The General Data Protection Regulation (GDPR) will come into force from 25 May 2018 and will determine how organisations process data across the EU.
However, despite this being only a year away, many companies haven’t even started to look at how compliant they are. But they risk substantial fines if they ignore the regulations or hope that Brexit means that UK companies will escape the EU regulation.
Who has to comply?
All organisations in the EU will need to comply to these new rules. Also, any organisations outside the EU that monitor EU residents or offer services or goods to EU consumers must also comply. The GDPR applies to all controllers and processors currently subject to EU data protection laws.
How to ensure you are compliant
Companies need to have vigorous policies and processes established to guarantee compliance. As an employer, you need to be aware of the changes and, importantly, to make your employees aware too. You will need to ensure you are up to date with the changes before they take effect.
Review the personal data you hold
You should evaluate what personal data you currently hold, where it’s held and how you received it. It’s worth undertaking an audit to understand if you’ve shared any of the information you hold with third parties. This will highlight any risky processing activities that may need addressing.
Evaluate privacy notices and policies
All organisations should conduct an appraisal of their privacy notices and policies to check they are accessible and written in plain language.

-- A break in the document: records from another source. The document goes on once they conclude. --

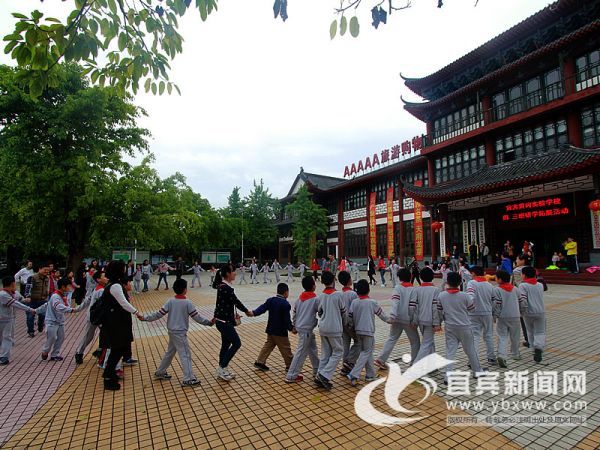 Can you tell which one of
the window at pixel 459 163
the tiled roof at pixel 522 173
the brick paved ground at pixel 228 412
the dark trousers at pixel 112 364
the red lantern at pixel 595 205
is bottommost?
the brick paved ground at pixel 228 412

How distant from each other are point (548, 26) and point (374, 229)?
1792cm

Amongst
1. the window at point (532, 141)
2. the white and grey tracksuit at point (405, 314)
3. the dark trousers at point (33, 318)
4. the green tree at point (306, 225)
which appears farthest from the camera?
the green tree at point (306, 225)

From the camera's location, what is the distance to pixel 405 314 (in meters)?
4.96

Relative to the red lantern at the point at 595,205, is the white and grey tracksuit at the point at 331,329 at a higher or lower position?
lower

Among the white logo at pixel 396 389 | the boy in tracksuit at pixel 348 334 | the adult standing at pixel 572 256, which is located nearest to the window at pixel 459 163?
the adult standing at pixel 572 256

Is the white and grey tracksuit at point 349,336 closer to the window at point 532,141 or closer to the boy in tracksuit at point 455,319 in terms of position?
the boy in tracksuit at point 455,319

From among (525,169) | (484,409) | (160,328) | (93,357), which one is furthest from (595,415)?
(525,169)

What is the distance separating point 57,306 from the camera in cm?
605

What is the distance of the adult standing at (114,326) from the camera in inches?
187

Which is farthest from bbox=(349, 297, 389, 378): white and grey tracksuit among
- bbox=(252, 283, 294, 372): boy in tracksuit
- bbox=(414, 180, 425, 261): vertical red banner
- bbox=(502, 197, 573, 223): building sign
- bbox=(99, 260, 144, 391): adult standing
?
bbox=(414, 180, 425, 261): vertical red banner

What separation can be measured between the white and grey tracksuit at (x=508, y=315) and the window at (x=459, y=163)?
18.1 metres

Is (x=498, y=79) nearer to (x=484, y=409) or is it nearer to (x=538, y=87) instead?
(x=538, y=87)

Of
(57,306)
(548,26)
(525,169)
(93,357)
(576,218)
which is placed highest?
(548,26)

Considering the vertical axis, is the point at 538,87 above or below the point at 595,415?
above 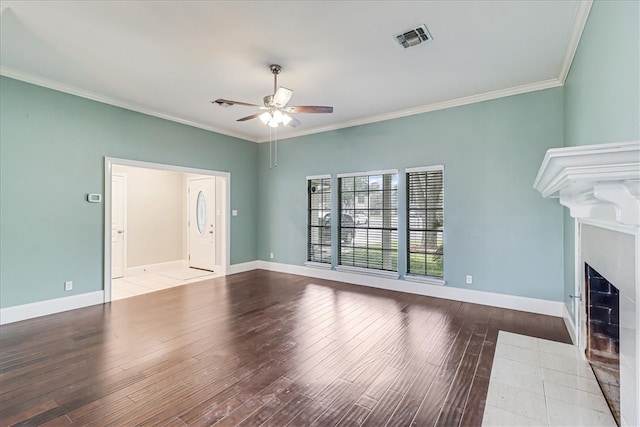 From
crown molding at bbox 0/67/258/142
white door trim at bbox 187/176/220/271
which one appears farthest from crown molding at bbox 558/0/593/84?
white door trim at bbox 187/176/220/271

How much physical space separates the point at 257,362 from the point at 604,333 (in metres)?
2.89

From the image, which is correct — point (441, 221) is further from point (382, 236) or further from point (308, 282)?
point (308, 282)

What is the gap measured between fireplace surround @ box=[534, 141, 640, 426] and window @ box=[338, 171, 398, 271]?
320 centimetres

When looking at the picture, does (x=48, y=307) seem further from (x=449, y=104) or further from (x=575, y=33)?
(x=575, y=33)

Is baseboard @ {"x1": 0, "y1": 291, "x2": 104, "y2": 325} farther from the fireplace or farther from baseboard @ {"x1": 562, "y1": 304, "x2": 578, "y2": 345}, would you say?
baseboard @ {"x1": 562, "y1": 304, "x2": 578, "y2": 345}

You should change anything requiring amendment as soon as possible.
Know the rights of your data subjects
A data subject is a living person about whom you hold personal data..
Data subjects have the right to know how you use their personal data. They must also have access to their personal data when they wishand they must have the opportunity to correct their personal information if necessary. Furthermore, if you have passed on the data to a third party, the organisation must update it within one month, or for complex data, within three months.
People can request to have their data removed and organisations must action these wishes. This includes data passed on to third parties.
Companies and organisations should examine how they process data access requests and ensure they can meet the timescales set by the GDPR.
Processing personal data
Organisations whose data processing activities involved regular and systematic monitoring of data subjects on a large ssalce, or who process sensitive personal data on a large scale should appoint a Data Processing Officer who will be the primary contact point for data protection issues within the organization. . You should also document how and what data you’re processing and the legal basis for carrying out such processing. If you receive data processing services from a third party, you should also review any responsibilities you have and document them.
Putting procedures in place to show how you seek, obtain and record consent is very important. You may want to review whether you can show that you have a genuine interest in processing the data without consent, and that the data subject’s interests do not override this interest. If you rely on receiving consent from data subjects, you will need to prove that the data subjects gave their consent freely. You should also put in place procedures to verify your data subject’s ages, to ascertain whether you require parental consent.
Breaches of data
You should put in place policies that allow your organisation to spot and investigate any data breaches. If there are breaches, you must act quickly to make sure you comply with the time limits set by the GDPR.
Audit international business
If your company or organisation functions internationally, you need to look into what effect the GDPR will have.
Passing data to non-compliant organisations
If your organisation transfers data anywhere that doesn’t have adequate data protection regulation, then you must show that you have legitimate reason for transferring data to that location.